Selangor backed its pickleball push with RM500,000 on May 15, launching Picklespark 2026/2027 as a 12-month school tour that will visit 50 schools across the state. The plan is not just to spark interest in a fast-growing sport. It is built to find new players, train 500 students and 100 teachers, and create a pathway from school exposure into club and state-team development.

State youth, sports and entrepreneurship executive councillor Mohd Najwan Halimi framed the programme as an attempt to build a proper school ecosystem for pickleball. The rollout will run through five zones across Selangor and begin with cooperation from the Selangor State Education Department, a sign that the state wants a formal pipeline rather than a one-off promotion.
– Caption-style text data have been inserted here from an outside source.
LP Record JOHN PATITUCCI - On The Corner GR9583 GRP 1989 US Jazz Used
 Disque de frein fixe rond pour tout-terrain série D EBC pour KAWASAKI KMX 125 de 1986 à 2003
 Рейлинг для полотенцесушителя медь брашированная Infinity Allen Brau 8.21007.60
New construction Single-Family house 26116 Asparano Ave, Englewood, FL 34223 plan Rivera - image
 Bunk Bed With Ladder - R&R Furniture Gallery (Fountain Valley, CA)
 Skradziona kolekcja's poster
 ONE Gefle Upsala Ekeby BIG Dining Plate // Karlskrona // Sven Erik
Najwan said teachers will be given space to become coaches, while schools are expected to develop more systematic training plans around the sport.

AI-generated illustration
AI-generated illustration

That matters because pickleball is still outside National Sports Council school training, leaving Selangor to build its own route into the game. By starting in schools, the state is trying to solve several problems at once: coaching, equipment access, and court time. In practical terms, Picklespark is designed to turn first contact with the sport into regular training, then into team structures, and eventually into a pool of athletes who can feed club and state-level competition.

The programme also fits Selangor’s wider competitive ambitions. In November 2024, Menteri Besar Amirudin Shari said the state intended to introduce pickleball as a medal sport at SUKMA 2026. In June 2025, Najwan said pickleball could be included as a demonstration sport at the 2026 Malaysia Games, noting that only a handful of states, including Selangor, Sarawak, Perak and Penang, had the kind of participation and infrastructure needed to push the sport forward.

That wider push sits inside a bigger national and regional boom. The Malaysia Pickleball Association says the country has more than 400,000 players, 73 tournaments, 472-plus venues and 500-plus certified coaches. Separate reporting in August 2025 put Malaysia at at least 50 privately owned pickleball arenas and more than 400 courts. Across Asia, UPA Asia and YouGov research found about 1.9 billion people in 12 territories had heard of pickleball, while about 812 million had played it at least once. Selangor’s school tour is a test of whether state money can turn that mass awareness into a lasting development model.